Elle est nécessaire dans toute espèce d’administration. Cette vérité trivial doit servir de règle partout, dans tout ce qui concerne les finances de l’Etat. Les chiffre des dépenses nous impose d’ailleurs le devoir impérieux de nous montrer avares des deniers publics ; par suite tout rouage administratif inutile ou onéreux, doit être supprimé ; tout mode d’administration qui entraîne plus de dépenses qu’un autre doit être changé ; personne certainement ne contestera ces principes ; ce sont sans doute ceux du gouvernement et dès lors je ne dois nullement douter que le ministère ne s’empresse d’introduire dans l’administration du chemin de fer, toutes les améliorations dont elle est susceptible ; or l’une de ces améliorations, c’est de transporter au ministère des finances tout ce qui concerne la recette du railway et des postes.

Puisque j’ai la parole, messieurs j’en profiterai pour dire quelques mots en réponse aux observations de M. le ministre, à celles de l’honorable M. Van Cutsem, parce que cette réponse pourrait s’appliquer à ce que je viens d’avancer.

La réunion des recettes du chemin de fer à l’administration des finances ne me paraît pas aussi dangereuse que le croit M. le ministre des travaux publics. Je ne vois dans ce que M. le ministre a dit, aucune preuve de l’impossibilité, qu’il croit exister, je ne vois pas que le ministre des finances pourrait avoir d’autre vue, d’autres habitudes, d’autre intérêt.
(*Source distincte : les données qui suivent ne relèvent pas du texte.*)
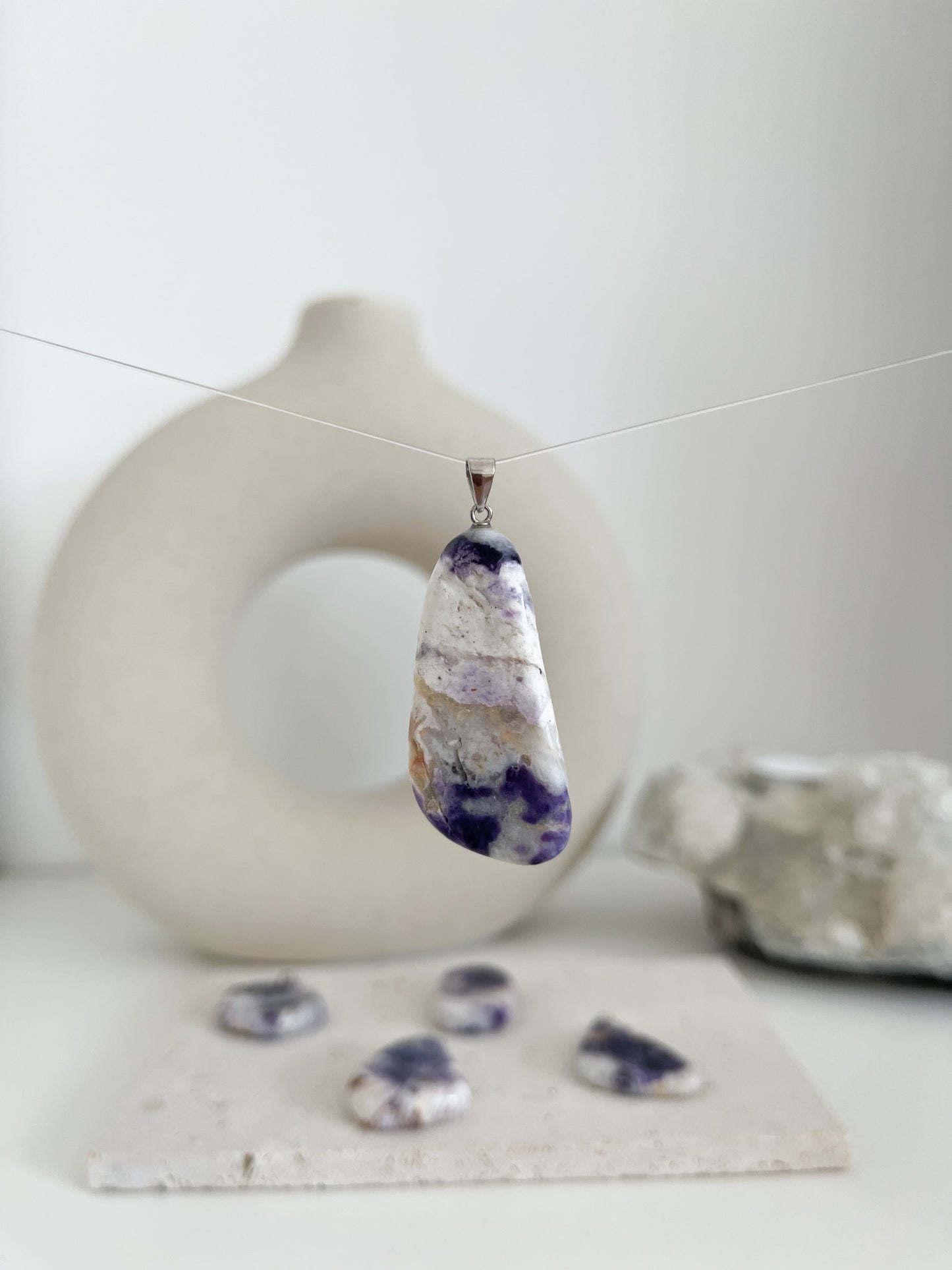 Fluoritopal 💜Anhänger | Fülle, Wachstum & Heilung💫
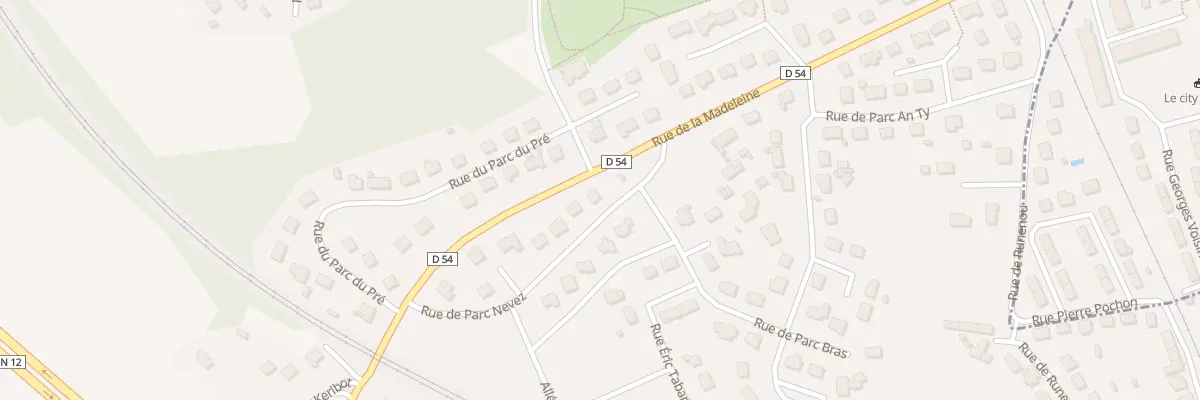 Plan du 85 Rue de la Madeleine à Grâces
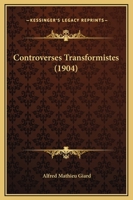 Controverses Transformistes 1436813522 Book Cover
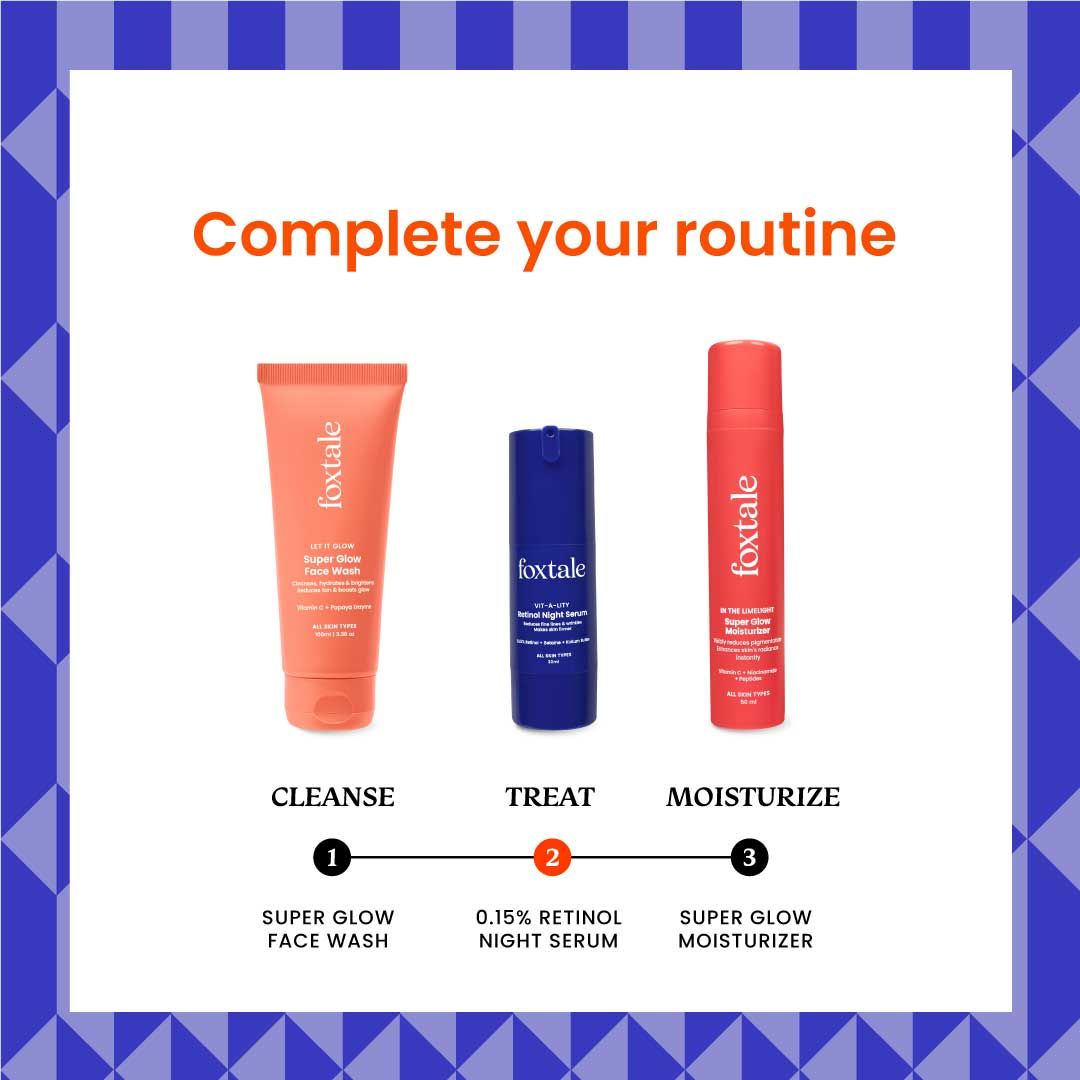 0.15% Retinol Face Serum for Collagen Boost, Anti-Aging, Treats Fine Lines & Wrinkles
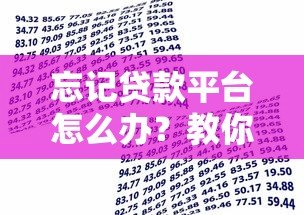 忘记贷款平台怎么办?教你快速找回借款记录 忘记贷款平台怎么办?教你快速找回借款记录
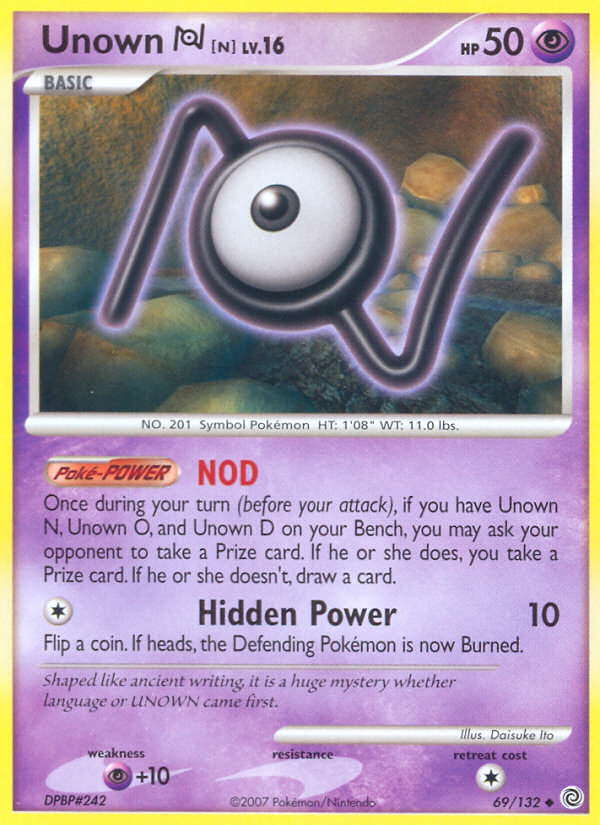 Unown [N] — illustrated card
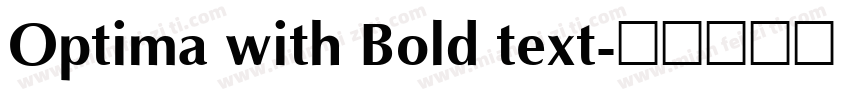 Optima with Bold text字体转换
J’ai démontré les économies qui résulteraient de cette fusion des recettes, et elles trouvent leur source dans la hauteur des traitements au chemin de fer.

D’après les renseignements que j’ai recueillis, il y aurait 476 employés à traitement au ministère des travaux publics, et ces traitements imputent 774,436 francs.

La moyenne serait dès lors de 1,628 35.

Les employés des postes sont au nombre de 405 et leurs traitements ne s’élèvent qu’à 321,740 francs.

Ainsi la moyenne serait de 794.

Aux travaux publics, moyenne de 1,600 francs.

Aux postes, moyenne de 800 francs.

Je ne trouve pas aussi, messieurs, l’erreur dans laquelle serait tombé M. Van Cutsem, sur la réduction du produit des postes.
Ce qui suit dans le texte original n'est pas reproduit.